A game that took the basic concepts of MOBAs and created a third-person action game. Rather than clicking around, you directly control your god’s movements through your standard movement keys, WASD. A fun take on the genre, it’s been steadily expanding over time.
Pro: The movement will feel much more natural to those coming from action games. It’s available on consoles, as well as the PC. You’ll know some of the gods, which adds to the fun of it. Aiming gets to be a bit easier when you’re in this over-the-shoulder viewpoint. Great variety in the champion pool, and plenty of different game modes to play.
Cons: Not a huge player base can lead to some long queue times. By necessity, the animations can look strange due to the freedom of movement. Art style is hit-or-miss. Auto-attacking has to be aimed as well, which can lead to some very frustrating tactics by assassins. Relies on some weird vision mechanics due to the perspective.
Recommendations: Smite is a fun change from the regular MOBA formula. With the different viewpoint, skillshots are much easier to aim, and the controls are more user-friendly. This does mean, though, that all champions will take some amount of aim. On the bright side, you can practically play whoever you want with a relatively similar amount of mechanical difficulty. There are some gods who lend themselves to beginners: Artemis is a great starting ranged character with good damage; Ra is a simple mage with strong output; Ymir is a fun tank that can put up barriers. Luckily, these are all permanently free gods you can use right when you get the game.
This is listed as a MOBA on the web and Steam, so I thought I’d address it here. I love me some Battlerite, but it is very much different than the other games on this list. Really, it follows the literal meaning of being a Multiplayer Online Battle Arena, pitting teams of two or three heroes against each other with no other objective than to kill the enemy.

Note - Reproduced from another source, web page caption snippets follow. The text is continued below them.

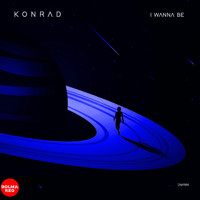 Konrad (Italy) - I Wanna Be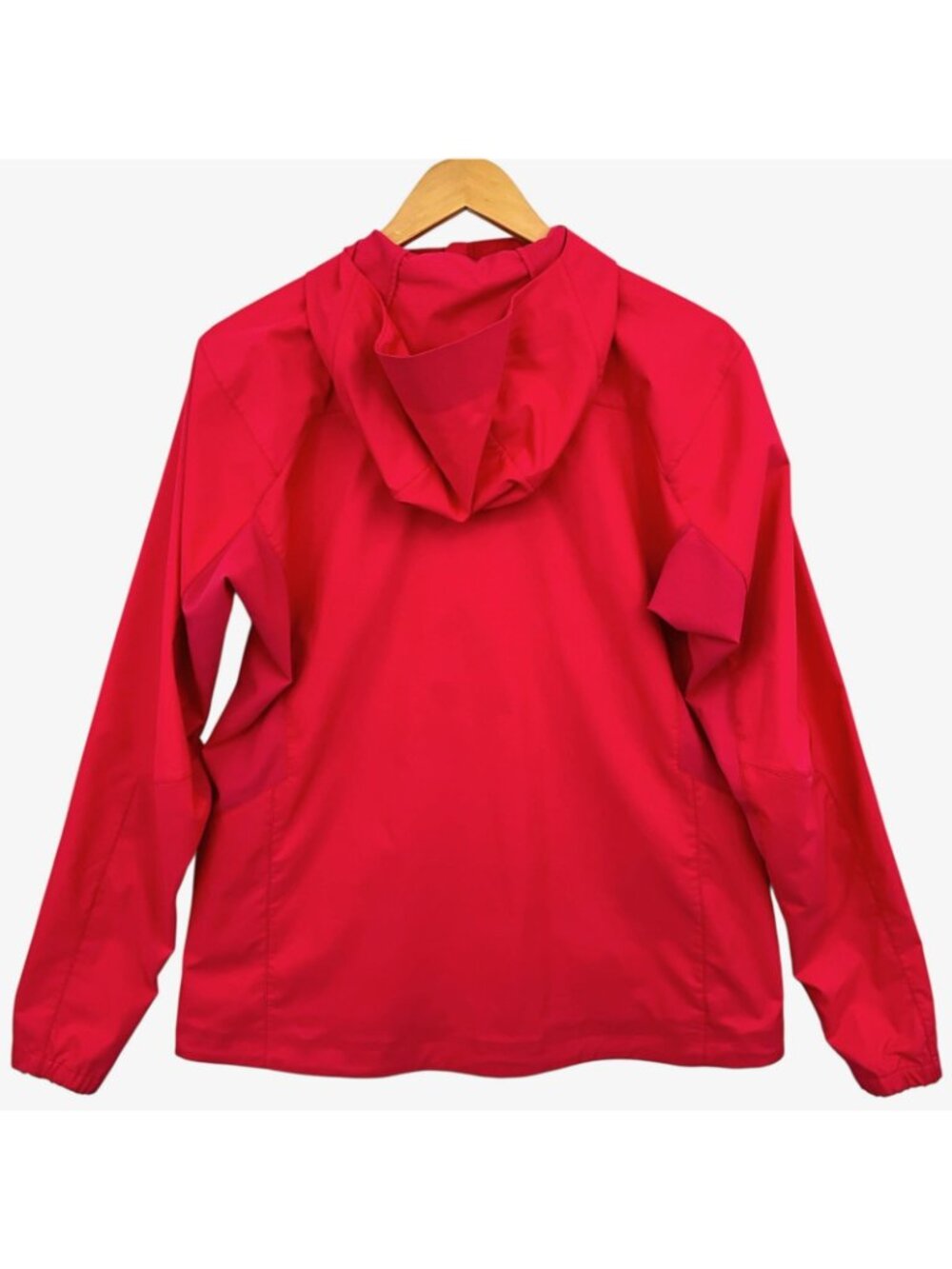 Arc'teryx Tenquille Hoody Jacket Womens Large Pink Full Zip Outdoor - Picture 4 of 13
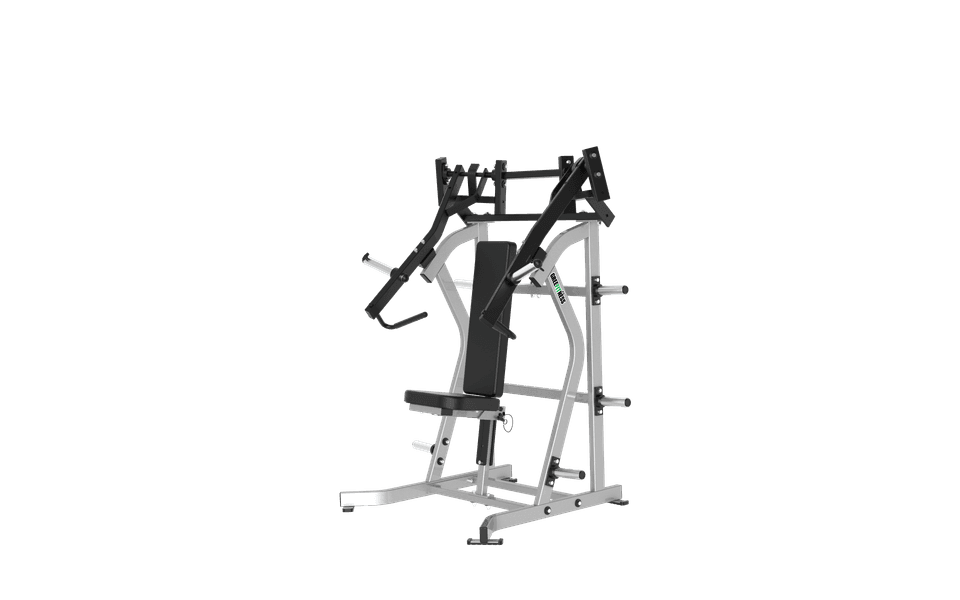 HM1829 Iso‑Lateral Incline Press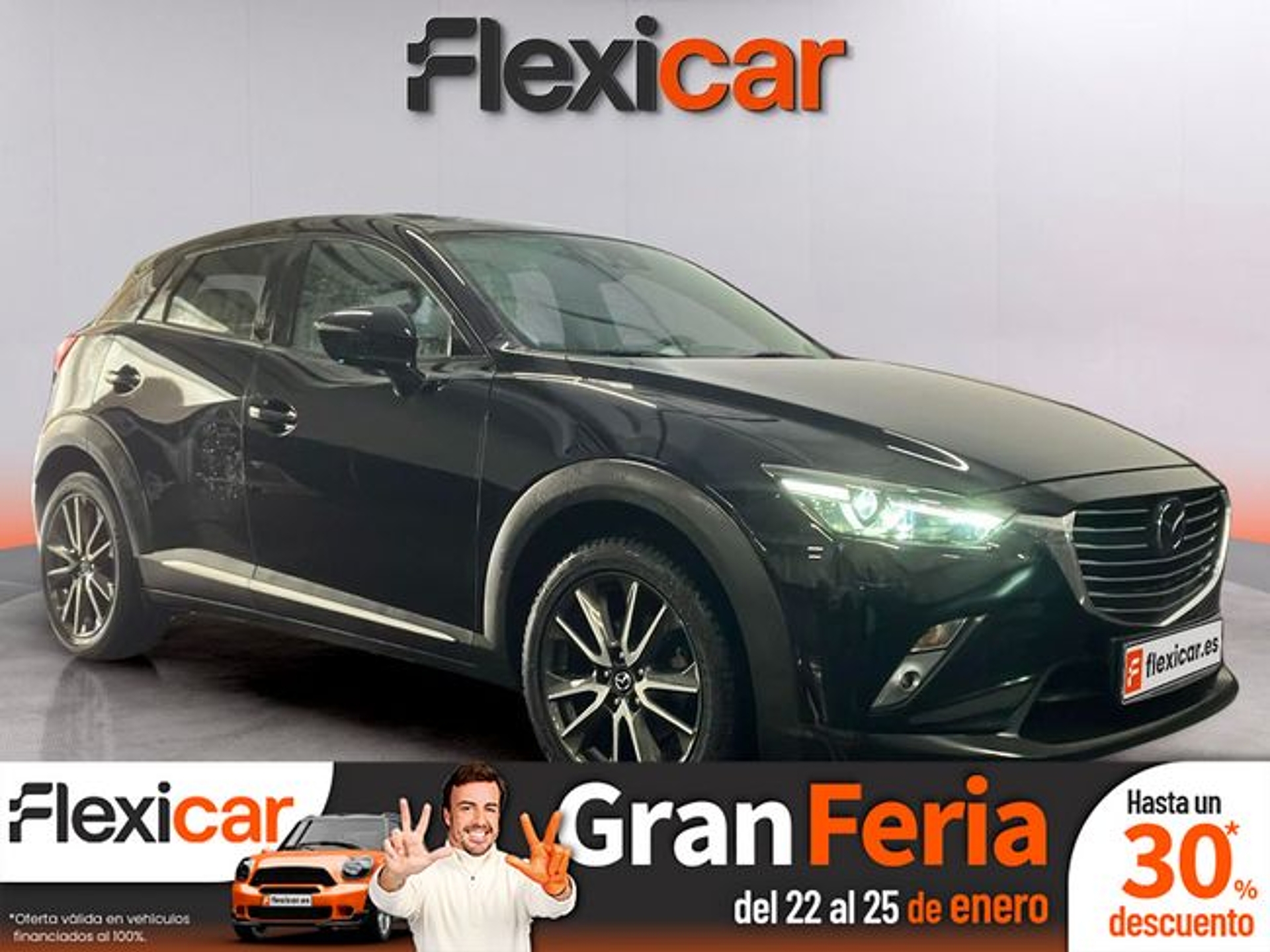 Imagen de MAZDA CX-5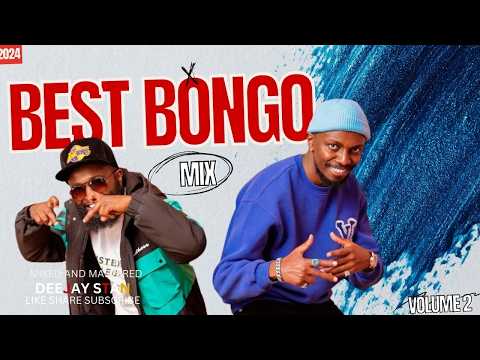 BEST BONGO LOVE SONGS MIX 2024 FT DIAMOND  //WILLY PAUL// AVA MAX VOL 3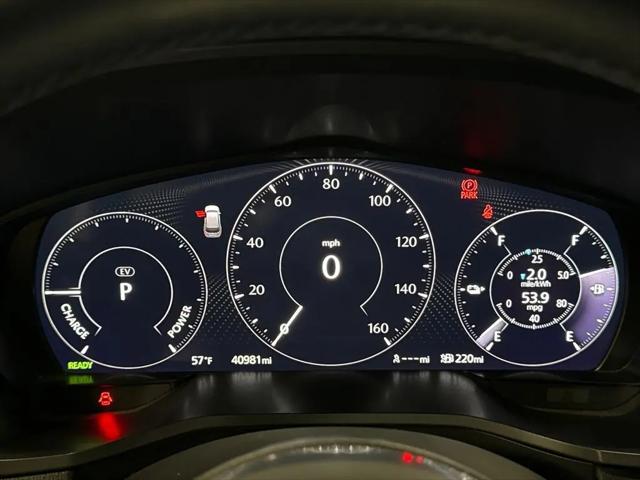 2024 Mazda X-90 Premium Plus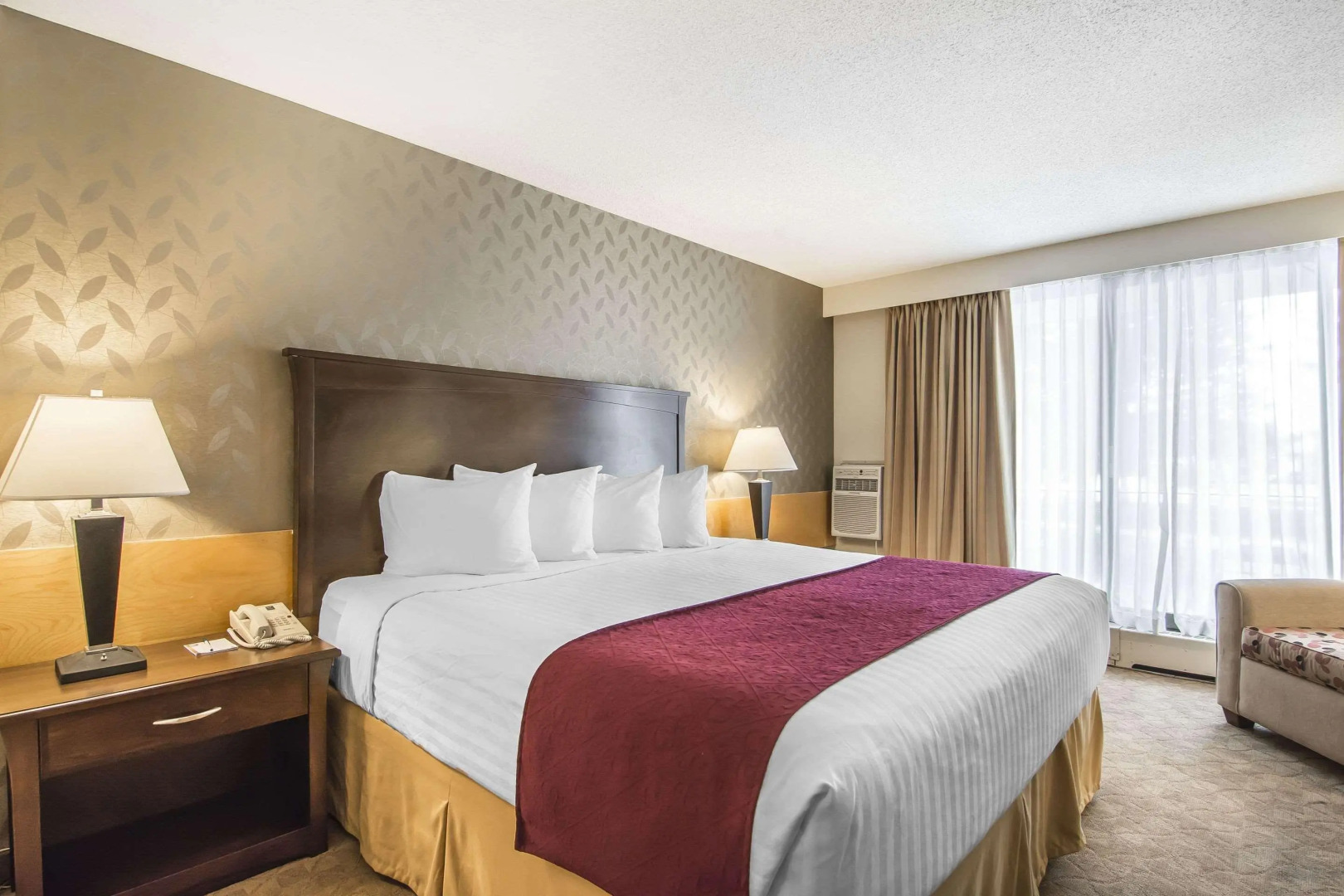 Prestige Riverside Lodge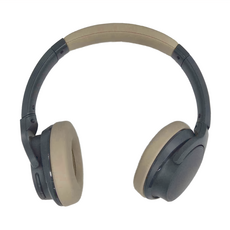 audio-technica 鐵三角 無線耳罩式耳機 原廠保固, ATH-S220BT, 杏色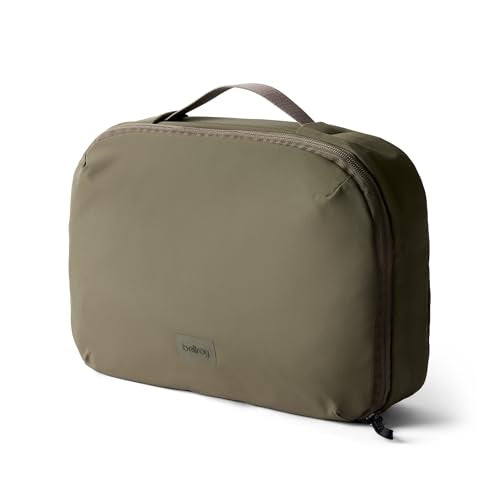 Bellroy Hanging Toiletry Kit Plus 8L Travel Bag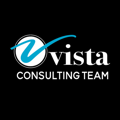 Vista Consulting Team Logo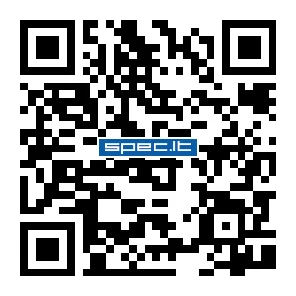 QR kodas | Vilniaus Jeruzalės progimnazija | spec.lt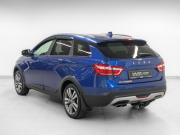 Lada (ВАЗ) Vesta I Санкт-Петербург  - изображение 36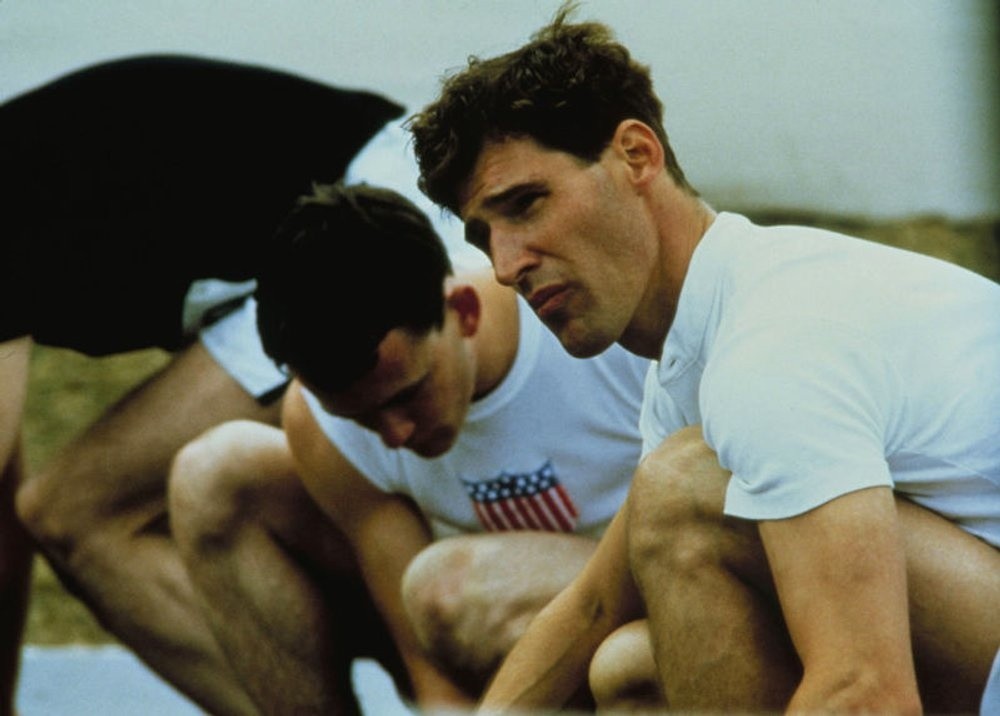 Chariots of Fire (1981) Chariots of Fire (1981)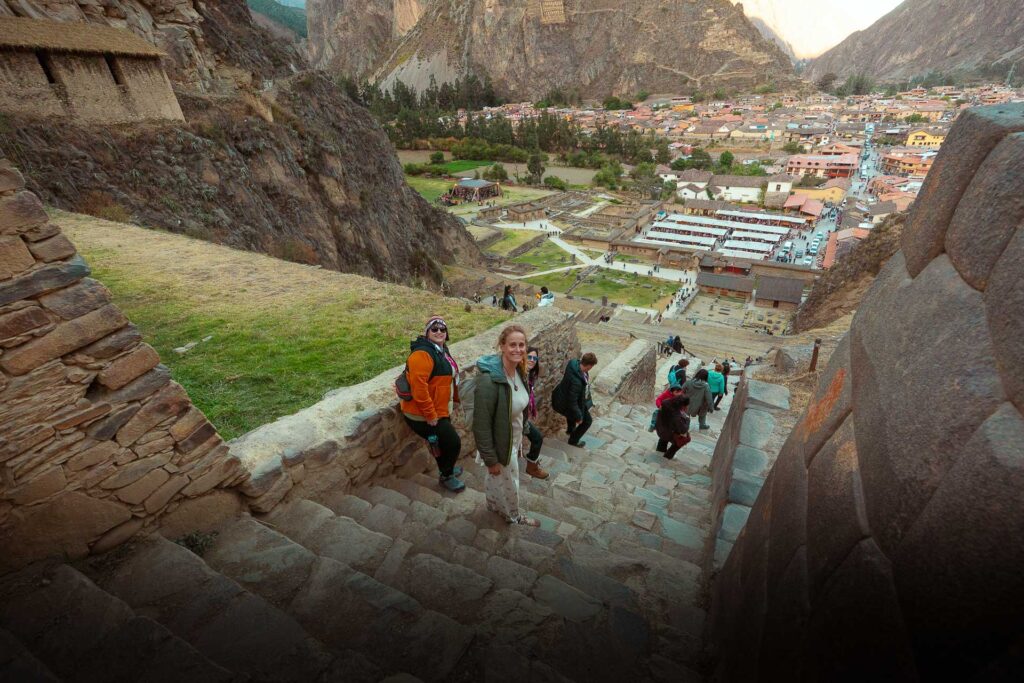 Tour Valle Sagrado de los Incas en Cusco | Full Day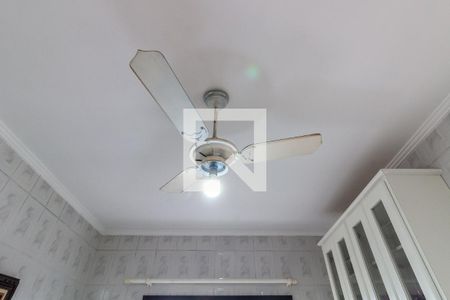 Apartamento para alugar com 305m², 3 quartos e 1 vagaDetalhe da cozinha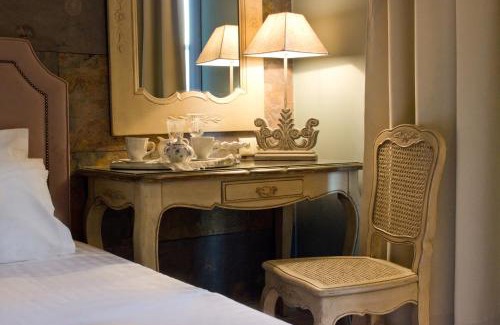 Thasos Town Hotel | Hotel Galini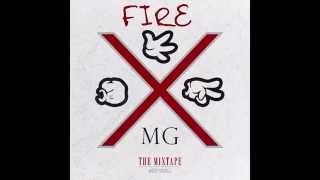 RPSMG  Fire feat JG amp XEllentz [upl. by Adnalram470]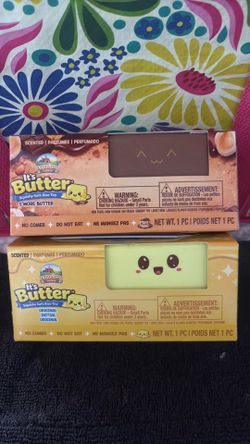 Butter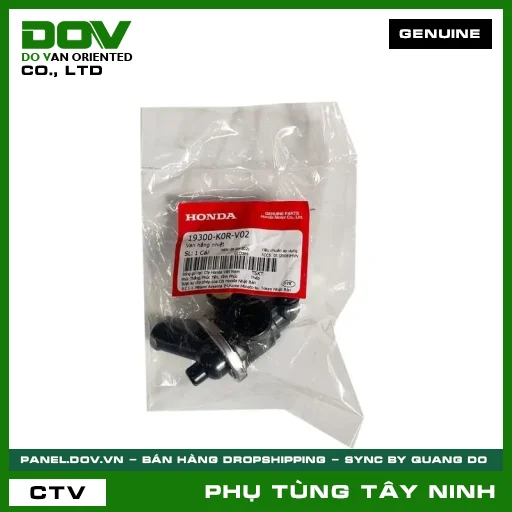 VAN HẰNG NHIỆT — 19300K0RV02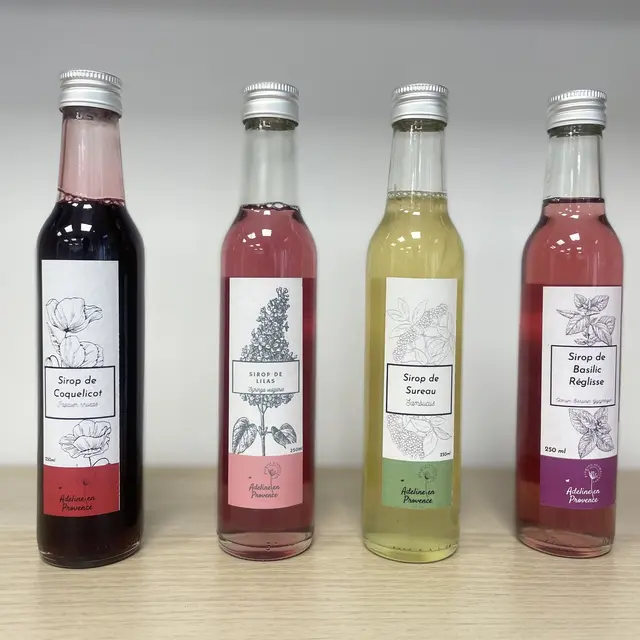 Les Jardins de L'olympe_Fuveau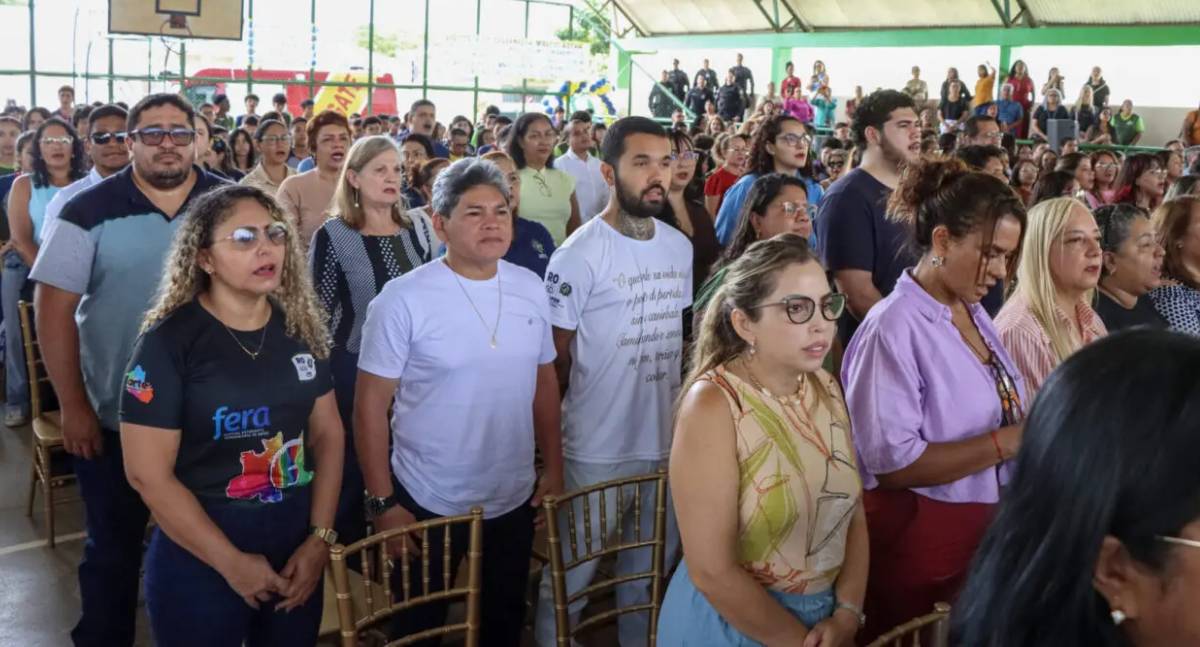 Educação Fiscal nas escolas de Rondônia promove formação cidadã e consciência tributária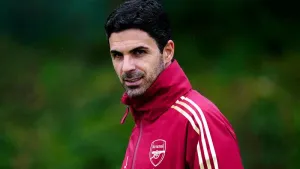 A beautiful moment – Mikel Arteta expects warm West Ham welcome for Declan Rice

Pros: fun game focused on casting spells and abilities to stomp your enemy. The action is fast-paced, with a heavy emphasis on reflexes and aiming. A match doesn’t take nearly as long as the other games, and it will soon run an F2P model to get people playing. Not a lot to learn, other than the heroes and their moves, meaning the barrier to entry is relatively low.
Cons: Nothing like the other games on this list. Focus on hero combat, but a very limited selection of heroes to this point. Not getting a lot of support, and the player base is pretty flat. The matchmaking can feel a bit imbalanced when certain team compositions are outright better than others. Tons of aiming, meaning there’s the very real possibility you do nothing in a round.
Recommendations: Look, I have played my fair share of Battlerite, but it’s a very different beast. It’s a fighting arena where every shot is aimed, and practice is key. If you’re looking for a reflex-heavy battler, then Battlerite is for you. As for particular heroes to choose, Pestilus can do serious work with the proper teammate, and I think Ezmo is just a barrel of monkeys to play.
There you have it, guys. It’s a lot of information to take in, but this is where it all begins. At this point, you should have some idea of what game, role and perhaps character you want to play, so it’s now up to you to get out there and practice a bunch. These are just recommendations, so if you really want to play Dota 2 and use Meepo, you can do that. It may be frustrating at first, but everyone starts somewhere. Good luck, and please don’t play Dota 2.